Investing in Forestry
ADDENDUM

Further to the article in the May 2007 edition of WRMM concerning investment in forestry I requested that the figures were rechecked. This was prompted by a number of emails I received from subscribers who had looked into the claims in the article and discovered they didn’t add up.

Before I go any further I want to personally thank you all for taking the time to email me. Corny as it might sound, it does mean a lot to know that you investigate opportunities thoroughly and that you’re looking out for one another.

As you know any facts and figures I usually publish in WRMM are checked, checked and checked again because we know how important it is when you’re pursuing an opportunity you get the whole picture.
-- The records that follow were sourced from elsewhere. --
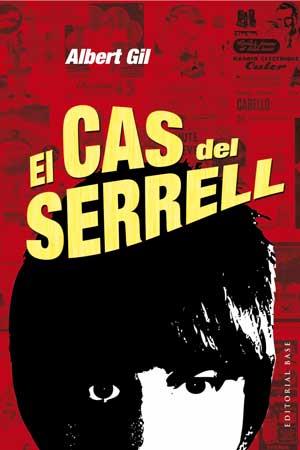 EL CAS DEL SERRELL | 9788415267898 | GIL,ALBERT | Libreria Geli - Librería Online de Girona - Comprar libros en catalán y castellano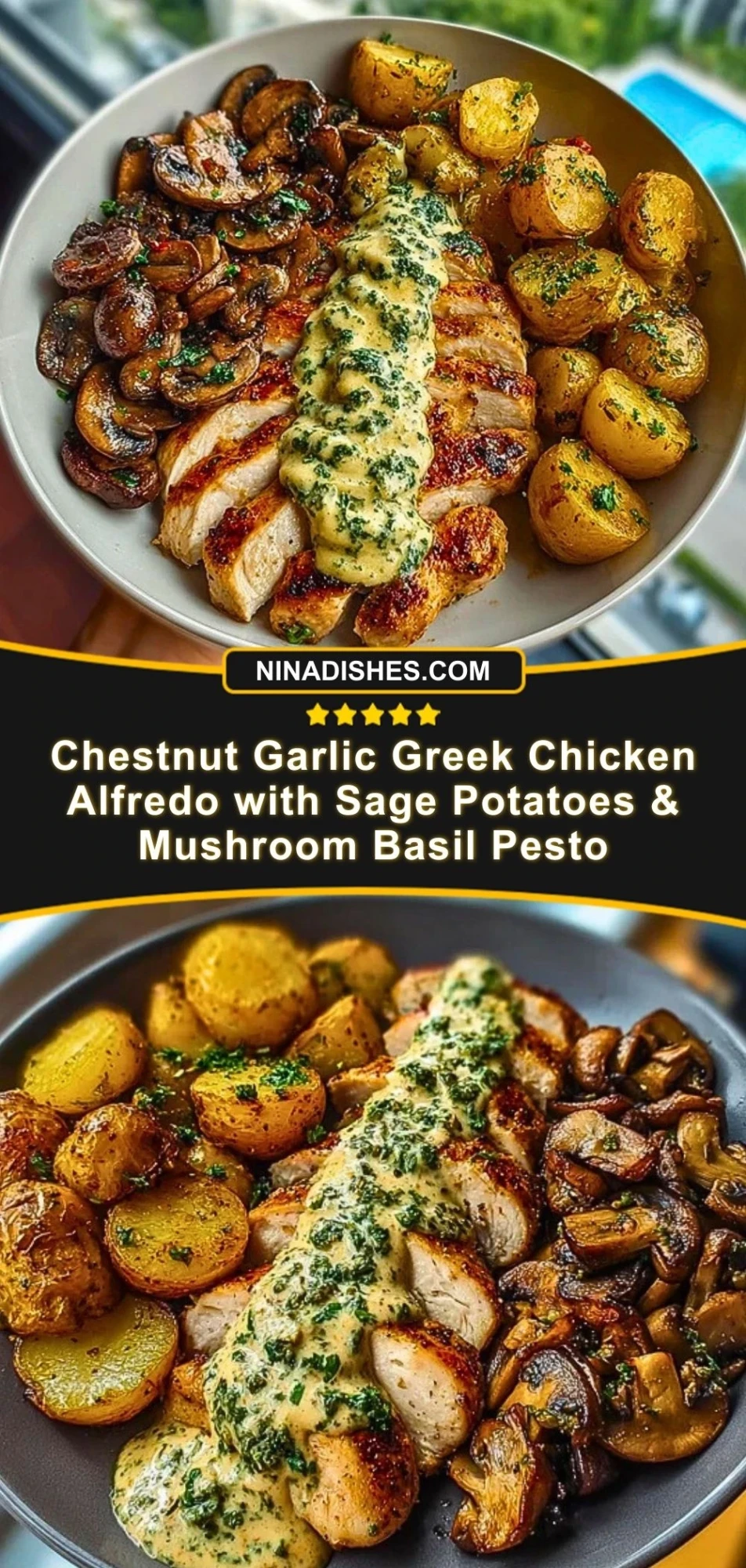 Chestnut Garlic Greek Chicken Alfredo with Sage Potatoes & Mushroom Basil Pesto Pin 2
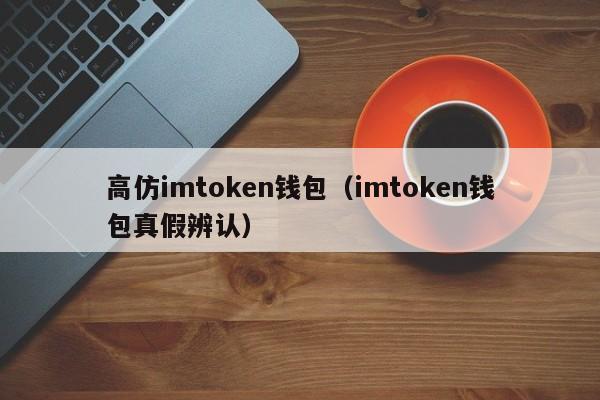 高仿imtoken钱包（imtoken钱包真假辨认）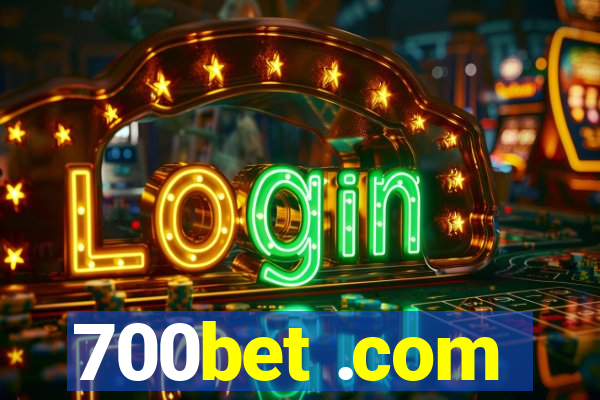 700bet .com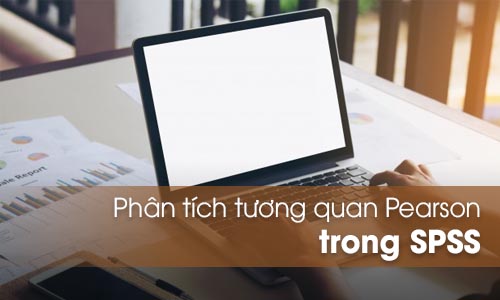 Tương quan Pearson trong SPSS: Cách chạy và đọc kết quả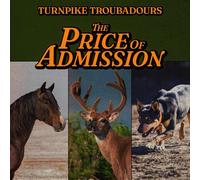 Turnpike Troubadours - The Price Of Admission [Vinyl Lp]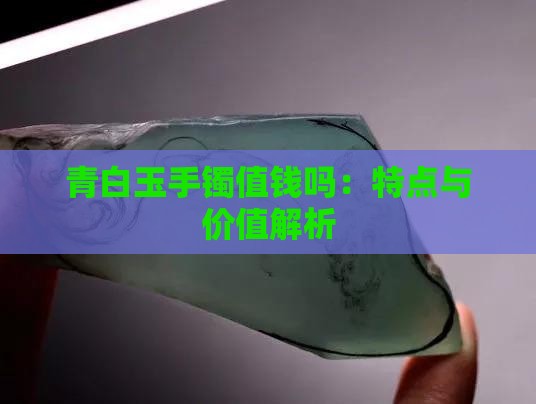 青白玉手镯值钱吗：特点与价值解析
As forestry isn’t a specialist area of mine I commissioned the services of a researcher. The guy took facts and figures from the website, which he says the Forestry Commission then confirmed over the phone as being relevant.

After the feedback I got here at WRMM I contacted the Commission myself and requested a full information pack with complete details of their current grant schemes.

And I’m sorry to say that the grant payment figures included in the article were for the creation of new woodlands, not sustaining them.

There are grants available for sustaining and preserving existing woodlands. Similarly in England at least there are grants available for ‘improving’ existing woodland (basically you fell so many hectares of trees to sell as timber, then restock the land with different species).

There’s a chance the improvement grants could still mean forestry and woodlands offer a way to make some decent money. Doing a quick calculation on the back of a napkin say you bought 40 hectares in Devon for £80,000 (this is a genuine piece of land advertised on Fountains Plc website).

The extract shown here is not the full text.